日中国際結婚を観察する文化人類学の本

  日本人男性と中国人女性が結婚紹介所を通じて知り合い、結婚していく流れを数年にわたり参与観察した研究。著者は文化人類学者の山浦ちぐささん。

 
 日本男性は40代後半から60代、中国女性は東北地方のある町に住む20代で、結婚後は女性が日本に移り住みます。多くの男性は中国語が分からないため、紹介所は通訳から始まり結婚後の諍いへの助言もしています。
 
 日本と中国の地理的な近さ、見た目の類似は「結婚できる」という判断につながっていき、言葉が通じないことやお互い数回しか会わずに決断することは、結婚の難しさにつながります。

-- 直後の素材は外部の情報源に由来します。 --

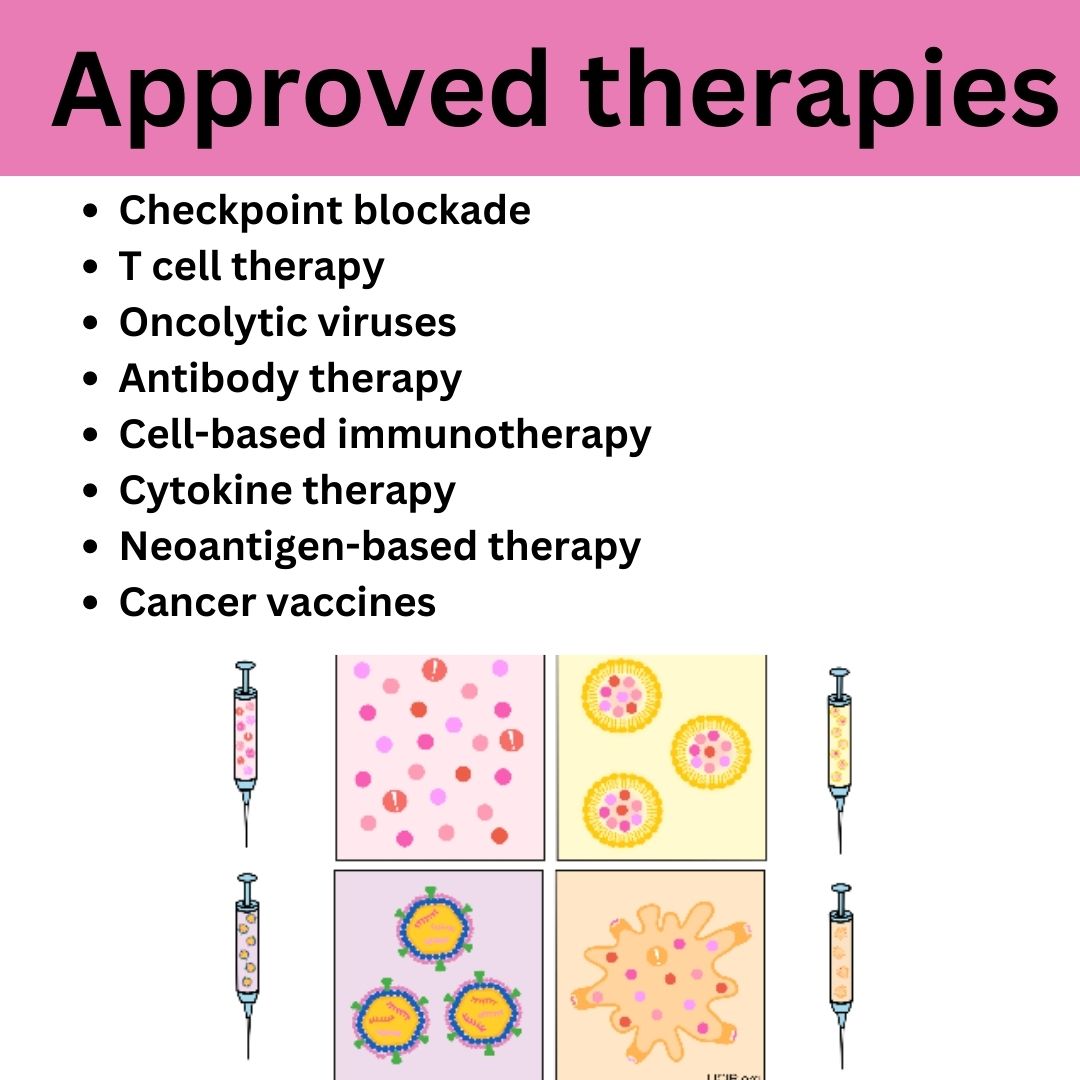 Cancer immunotherapy is a treatment that uses your own immune system to recognize and fight cancer cells.
Look up approved treatments and discover how they work with UCIR 👉 bit.ly/3eHdaSv #Immune2Cancer #CancerImmunotherapy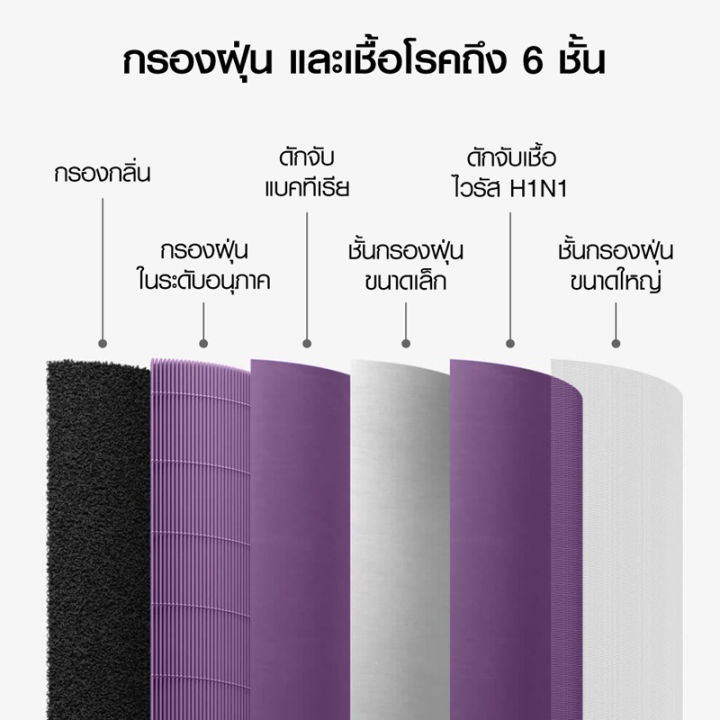 (With%20RFID)%20Xiaomi%20air%20filter%20for%20model%202s/2c/2H/3C/3H/pro%20purple%20anti-bacterial%20mi%20purifier%20filter%20(anti-bacterial)%20-%20Image%208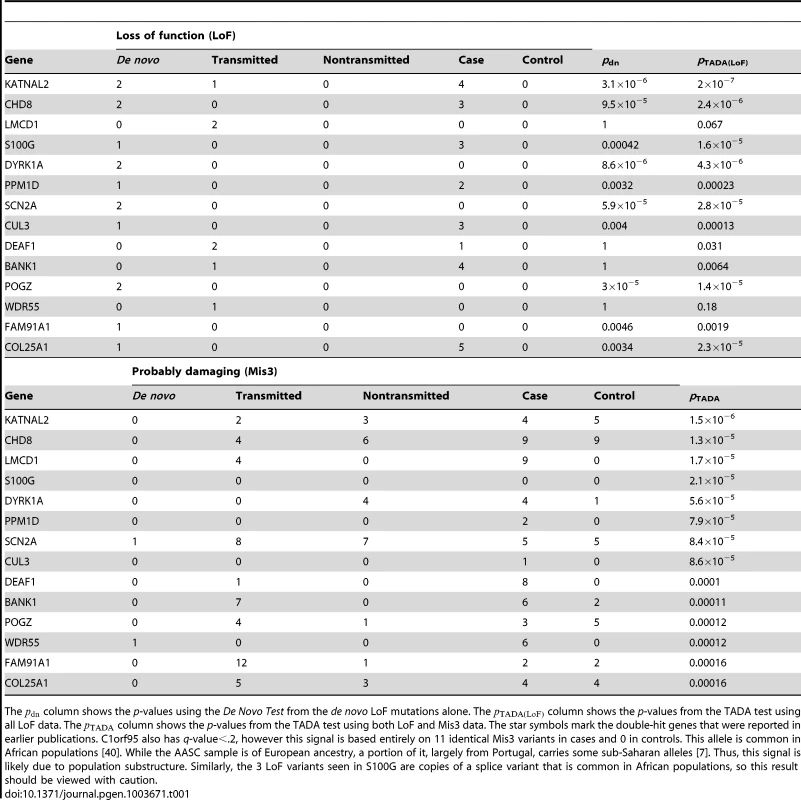 Top predicted ASD risk genes from the TADA analysis of combined ASD data (<i>de novo</i>, inherited and case-control).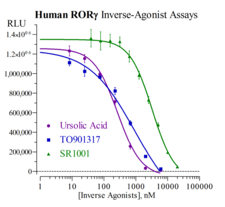 Human RAR-related Orphan Receptor, Gamma Reporter Assay System (RORγ, RORC, NR1F3)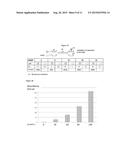 METHOD FOR SPECIFICALLY DETECTING A MATRIX METALLOPROTEINASE (MMP) WHICH     IS ONLY OF INTEREST IN THE ACTIVE FORM THEREOF, IN A SAMPLE diagram and image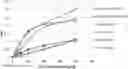 Fig. 01 - KIT FOR DETECTING SOLUBLE GROWTH STIMULATION EXPRESSED GENE 2 PROTEIN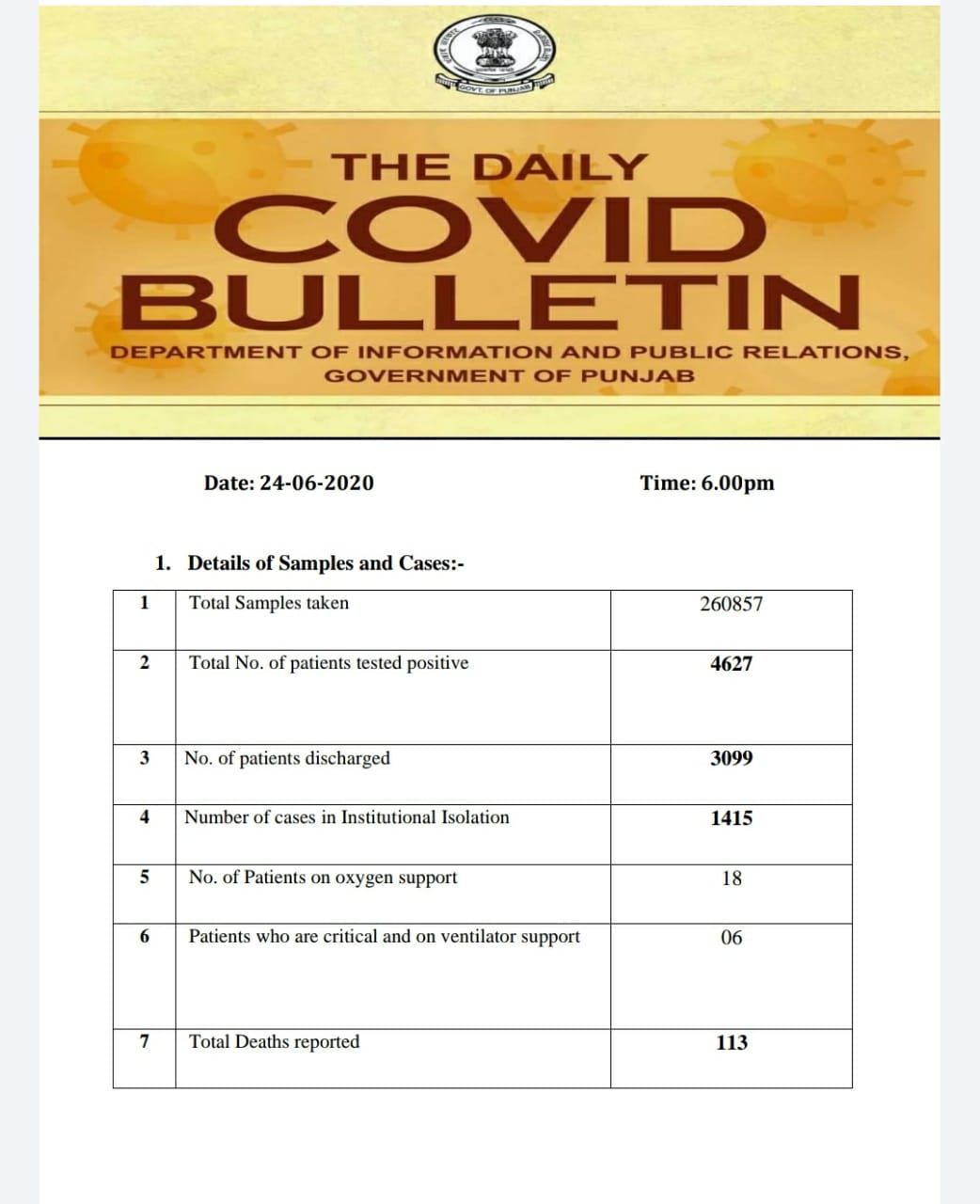 media bulletin coronavirus punjab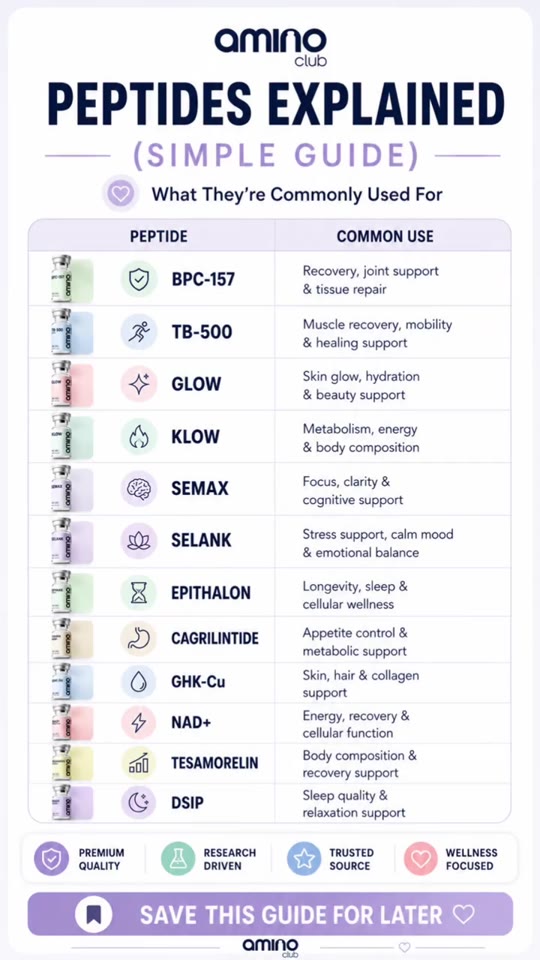 BPC-157, TB-500, Semax: what peptide 'cheat sheets' get wrong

また、中国女性が日本入国の手続きをする際には「それは、本当の結婚なのか」という疑念にさらされます。
 
 本の題名にある通り、相手と「結婚できる」判断の境界線を様々な角度から描きます。例えば女性側が住む地域には「残留孤児」が多く、1980~90年代に日本へ帰国した人たちから、豊かな日本に関する良い印象に結びついたそうです。日本の植民地支配が予想外の形で影響を与えていました。
 
 通読して感じるのは、著者のフェアなものの見方です。結婚相手を探して奮闘する人々や仲介者の発言を的確に位置づけつつ、安易にジャッジしないところが、ともていいなあ、と思いました。